- Home
- Departments
- Assessing
- Forms of Ownership
Forms of Ownership
Single Ownership
A single owner may hold title to property, without any other person or entity sharing ownership. The property tax is assessed to the sole owner.
Multiple Ownership
More than one person or entity may hold title to property as multiple co-owners. Co-owners have concurrent interests – interest in the same property at the same time. They are jointly and severally liable for the tax assessed on property they own. This means that the community can assess or collect the tax from all or any one of the co-owners. Assessors must assess property taxes in the full name of at least one of the multiple owners of record and then should include as many other owners as their billing system allows.
A tenancy in common is shared ownership where each co-tenant has an undivided interest in the whole property. The interests may be unequal, but each co-owner has a right to the possession, use and enjoyment of the entire property.
This form of ownership allows each co-tenant to transfer his share independently, i.e., co-tenants may acquire and convey their interests at different times. When a co-tenant dies, the co-tenant’s share goes to his or her heirs or devisees rather than to the other co-tenants. There is no right of survivorship.
A joint tenancy is a shared ownership with two distinguishing characteristics. A joint tenancy (1) has a right of survivorship and (2) requires unity of interest, possession, time and title – commonly referred to as the “four unities.”
- When a joint tenant dies, the joint tenant’s share passes to the surviving joint tenants automatically, by operation of law. The last survivor becomes the sole owner.
- Each joint tenant has (1) an equal, undivided interest in the property, (2) an equal right to the possession, use and enjoyment of the entire property, (3) acquired title at the same time and (4) acquired title through the same instrument.

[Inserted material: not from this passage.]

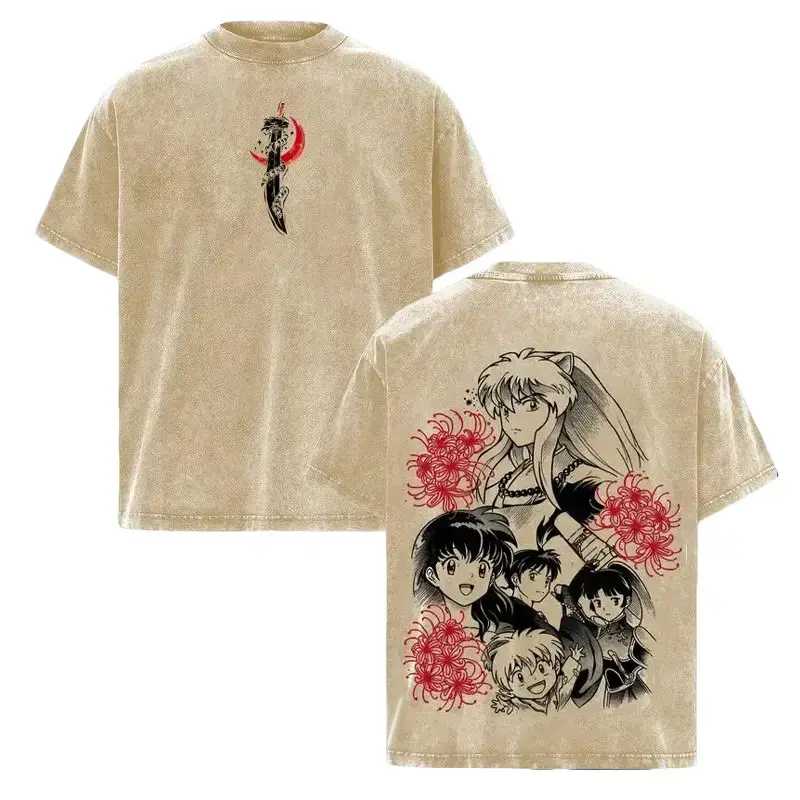 Inuyasha Anime Vintage Washed Oversize Cotton T-Shirt, Kagome Sesshomaru Manga Graphic Tee, Retro Y2K Japanese Anime Streetwear, Double Print Back Graphic Fan Shirt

- The intent to create a joint tenancy must be clearly expressed in the deed or will conveying title. Intent is typically expressed by using the words “joint tenants” or “right to survivorship” in the instrument. If the instrument is silent on the type of multiple ownership created or if the instrument is unclear, the law will presume that a tenancy in common has been created.
- Joint tenants can convey their own interests. A conveyance by one joint tenant of his or her share creates a tenancy in common with the other tenants. This is because the grantee of the deed from the joint tenant will not have the “four unities” with the other joint tenants because he has acquired title at another time and through another instrument. The other tenants still hold their interests in the property as joint tenants.
A tenancy by the entirety is a multiple ownership with two distinguishing characteristics. A tenancy by the entirety (1) may only be held by a married couple and (2) has an indestructible right of survivorship during the marriage.
- A tenancy by the entirety can only be granted to and held by a married couple. A conveyance to two persons who are not married at the time is not a tenancy by the entirety and is not transformed into one by their later marriage. If a marriage ends by divorce, the tenancy also ends by operation of law, and the former spouses become tenants in common.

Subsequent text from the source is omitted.